The Practical Reality
Most people find sunglasses more annoying to use in winter than summer — partly because they're not top of mind, partly because the light conditions change so quickly (you need them driving into the low sun but not for the rest of the drive).
The solution is a lightweight pair you actually want to keep in the car. A 22-gram carbon fiber frame that doesn't feel like a burden to put on and take off is significantly more likely to actually be used than a heavier pair that stays in a case in the glovebox.
The other factor is screen readability. Drivers check navigation regularly. Polarised lenses that blackout phone or built-in navigation screens at certain angles are a friction point that leads people to take their sunglasses off — which defeats the purpose. Lenses set at 45° (like the Voyager's) work in both portrait and landscape, so you can check your phone mount without removing them.
The Winter Driving Kit
For any regular driver in Australian winter:
- Polarised grey lens — cuts road glare and maintains accurate colour
- UV400 protection — handles residual UV through glass
- Lightweight frame — you'll actually wear them
- Screen-readable polarisation — keeps nav visible
- Keep them in the car — a pair dedicated to the car is more likely to be used than one you have to remember to pack
The Voyager Carbon Fibre Sunglasses cover all five. Dark grey polarised UV400 lenses, 22g carbon fibre frame, 45° polarisation for screen readability. $179.99 AUD with a lifetime warranty — the kind of investment that makes sense for something you use every single commute.
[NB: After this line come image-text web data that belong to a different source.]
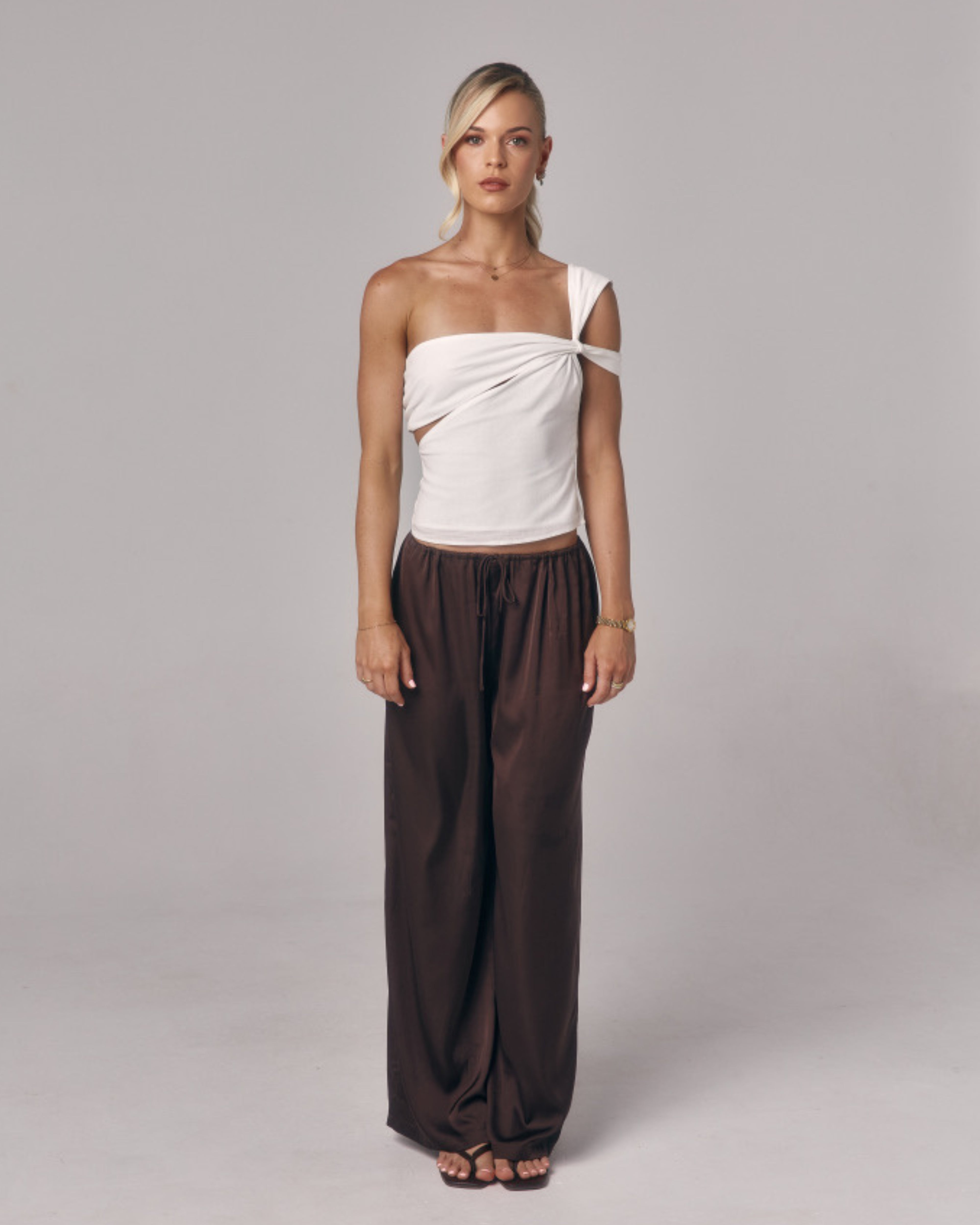 Model wearing Paloma chocolate brown satin lounge pants with drawstring waist styled with a white one shoulder top in studio.
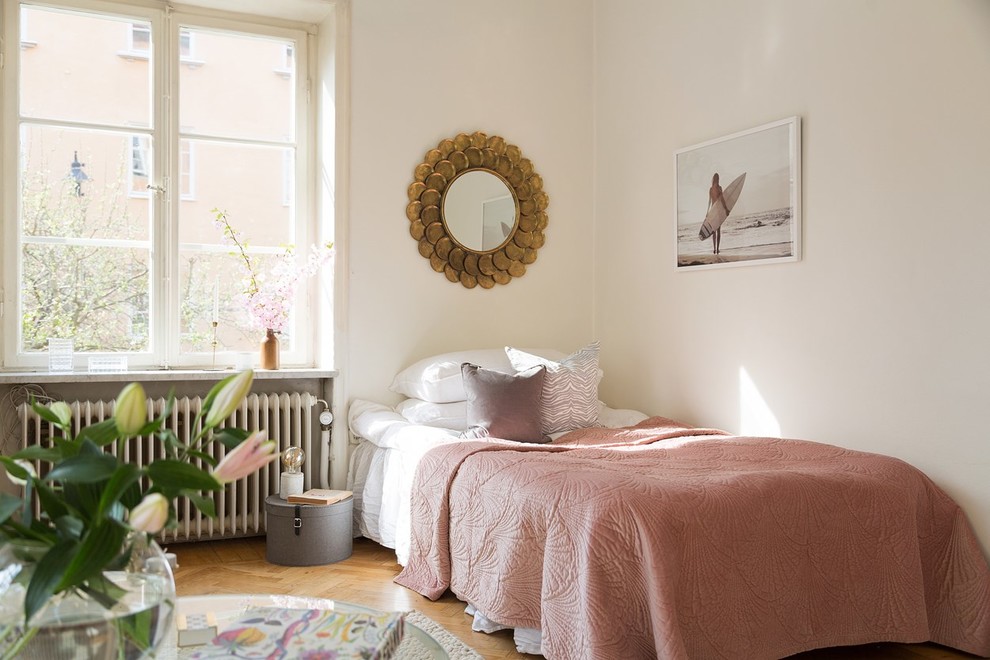 Danish medium tone wood floor bedroom photo in Stockholm with white walls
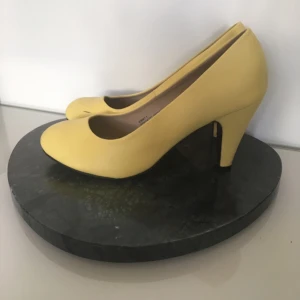  - Gula pumps i fejkskinn. Säljs pga för breda för mina smala fötter.   Endast använda 3 gånger, är i gott skick men har något märke.   Klacken är ca 7,5-8 cm.   Köpta för 2 år sen på Modcloth.  Kan möts upp i Stockholm eller centrala Uppsala. Vid frakt betalar köparen.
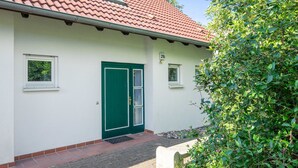 Un bâtiment blanc avec une porte verte, une petite fenêtre et le numéro « 21b » sur le mur.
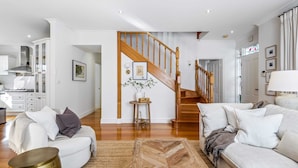 Ein geräumiges Wohnzimmer mit einer Holztreppe, weißen Wänden und einer Küche im Hintergrund.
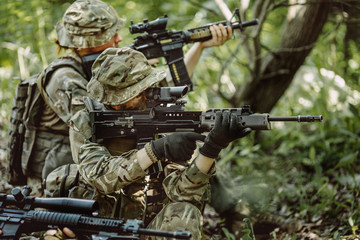 Fototapeta premium Special forces soldiers with weapon take part in military maneuv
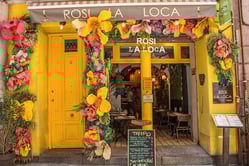 A store filled with lots of yellow flowers

Description automatically generated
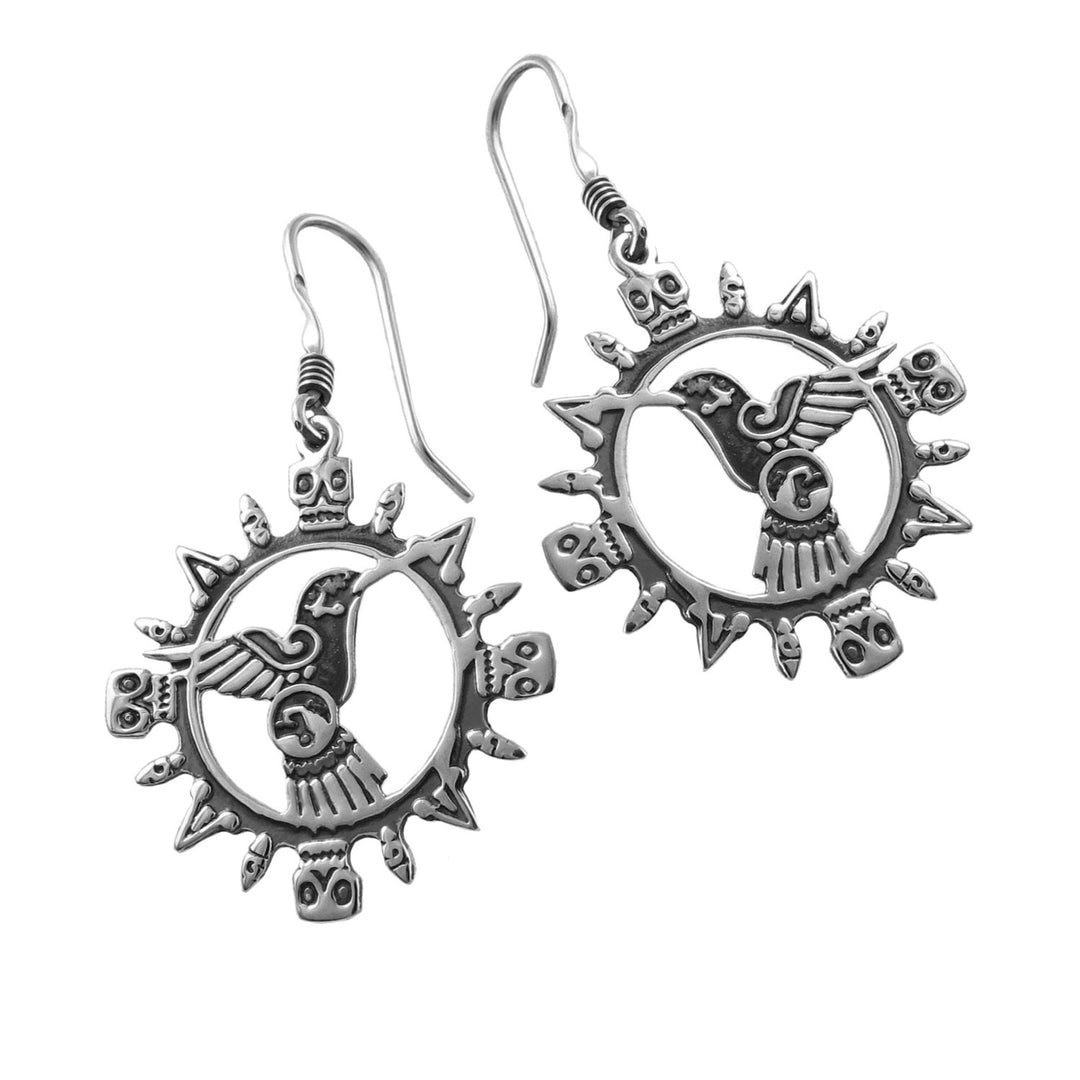 Pair of Mexican Aztec symbol skull & hummingbird 925 silver earrings with intricate designs on a white background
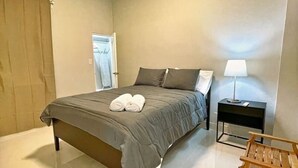 Un dormitorio con cama, mesita de noche, lámpara y una silla de madera.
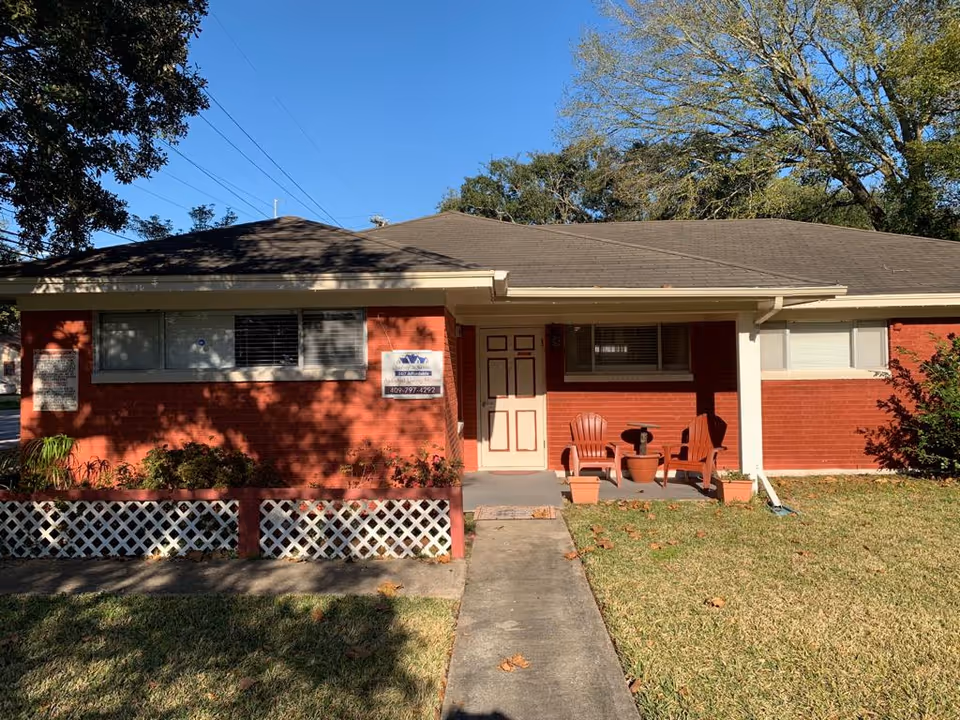 Single-story red brick building with a gray shingled roof, a small front porch with two red chairs and a table, a concrete walkway leading to the front door, and a grassy lawn with some plants and trees around.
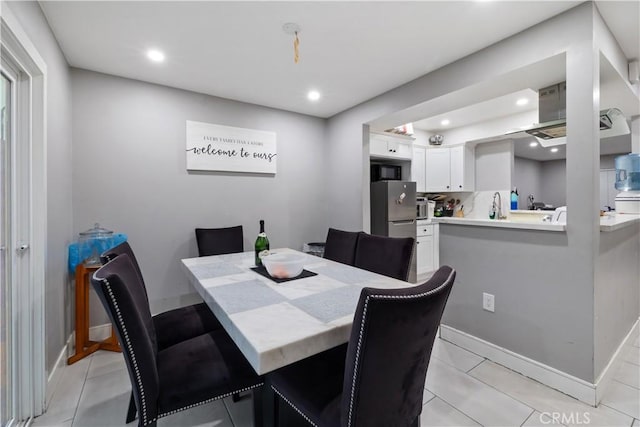 dining space featuring sink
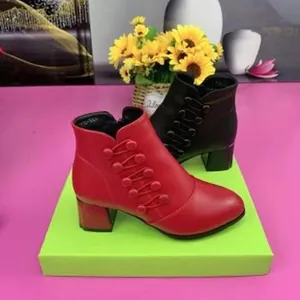 Elegant red and black pointed toe ankle boots with chunky mid heels for winter season.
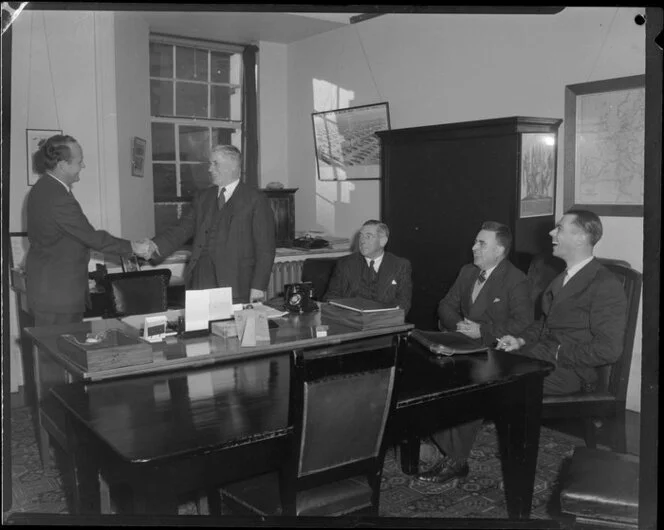 Mr Wallace Townley, manager of Canadian Pacific Airlines (left) shaking hands with Fred Jones, Postmaster General, while Sir Leonard Isitt, Mr E A Gibson and Ian Scott look on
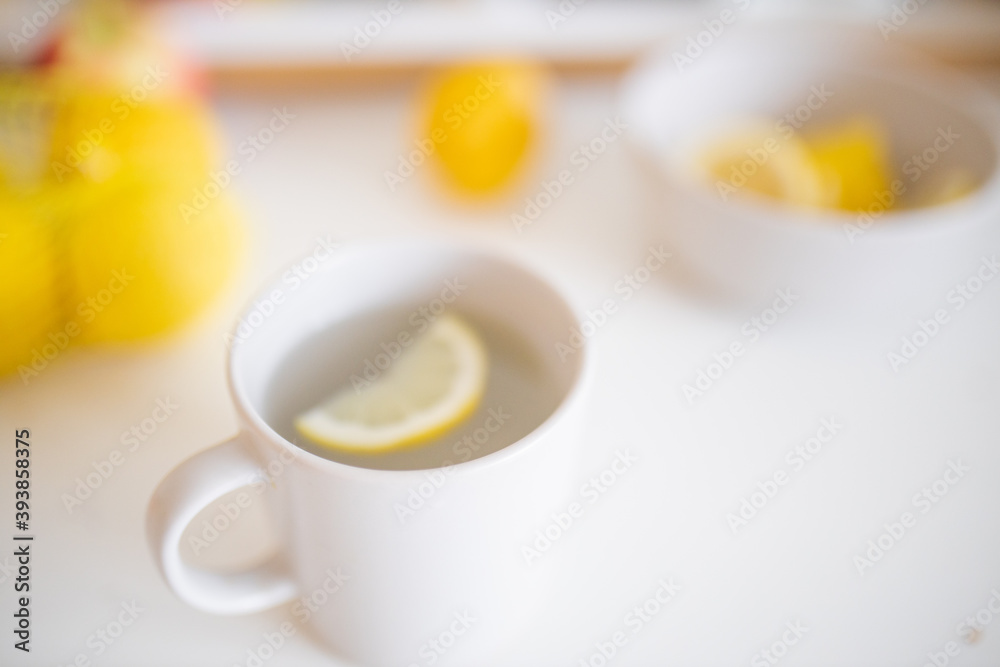 Cup of lemon tea on a white table surrounded by lemons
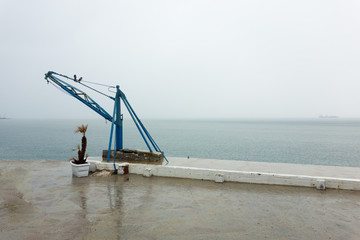 Fototapeta premium Two birds on a seaside crane, Thessaloniki, Greece
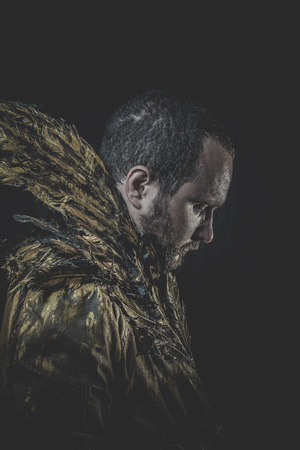 Halloween Fallen angel, man beard and suit made with golden wingsの写真素材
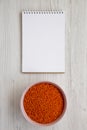 Red lentils in a pink bowl, blank notepad on a white wooden surface, top view. Flat lay, overhead, from above. Space for text Royalty Free Stock Photo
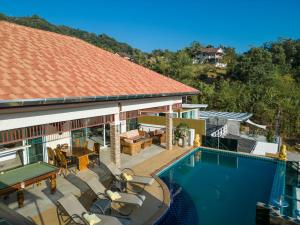 an aerial view of a house with a swimming pool at Karon Bliss: 4 Bedroom Haven in Karon Beach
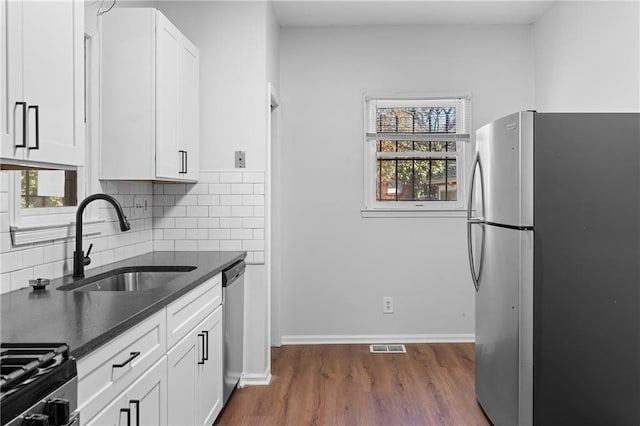 kitchen with appliances with stainless steel finishes, white cabinetry, decorative backsplash, sink, and plenty of natural light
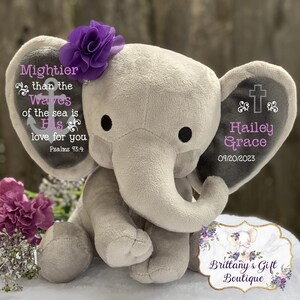 May include: A plush gray elephant toy featuring a purple fabric flower on its head. The left ear displays an anchor graphic with the text Mightier than the waves of the sea is His love for you Psalms 93:4. The right ear shows a cross, the name Hailey Grace, and the date 09/20/2023.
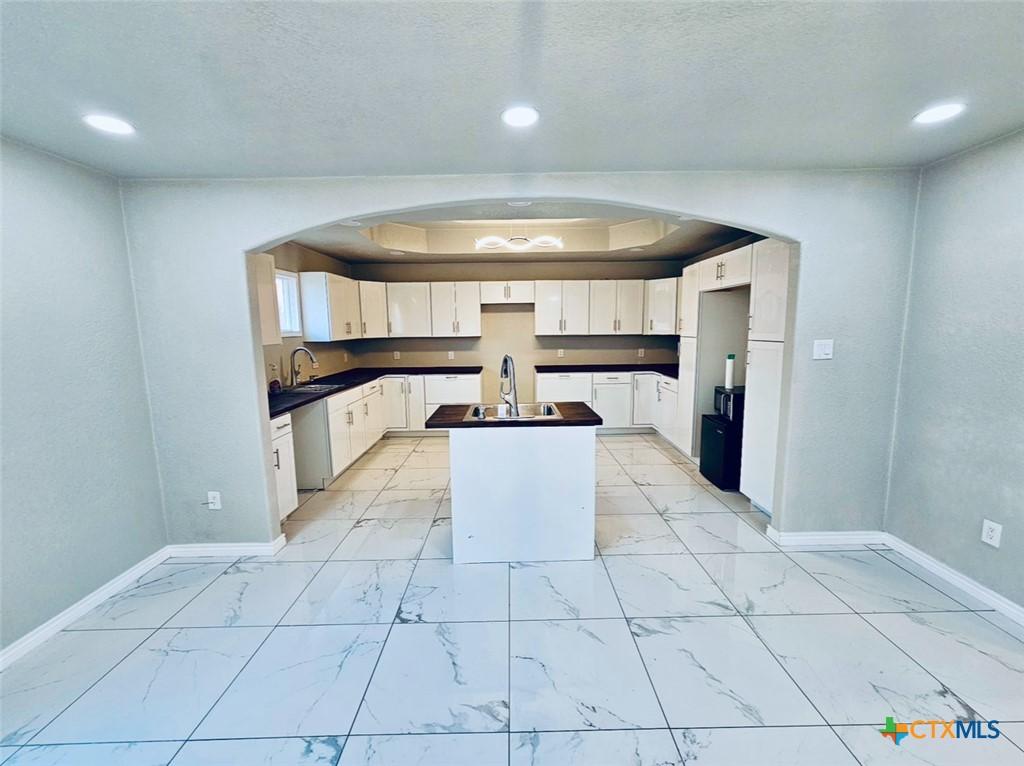 kitchen featuring dishwasher, sink, a kitchen island, and white cabinets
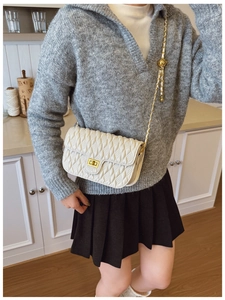 Detail of white quilted handbag with golden chain strap worn in a cozy indoor setting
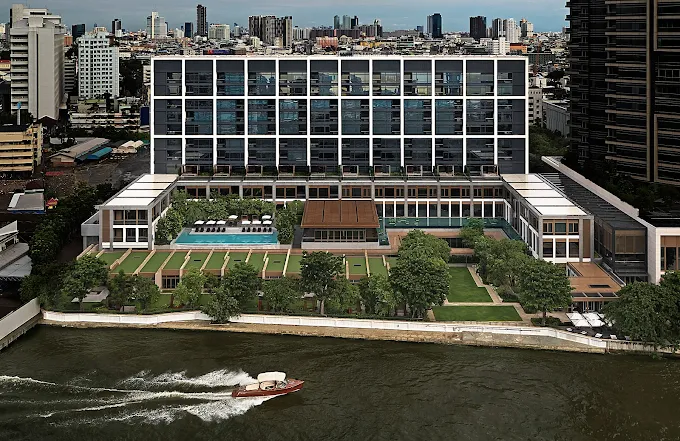 a building with a body of water and a boat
Quick Reference: Winter Driving Glare Conditions by City
| City | Worst glare direction | Peak risk times |
|------|----------------------|-----------------|
| Sydney | East (AM), West (PM) | 7–9am eastbound, 4–6pm westbound |
| Melbourne | East (AM), West (PM) | 8–9am eastbound, 4–5pm westbound |
| Brisbane | East (AM), West (PM) | 7–8am eastbound, 5–6pm westbound |
| Perth | East (AM), West (PM) | 7–8am eastbound, 5–6pm westbound |
| Adelaide | East (AM), West (PM) | 8–9am eastbound, 5–6pm westbound |
| Canberra | East (AM), West (PM) | High elevation = more UV intensity year-round |
Winter is when Australian drivers need sunglasses most — and wear them least. Keep a pair in the car.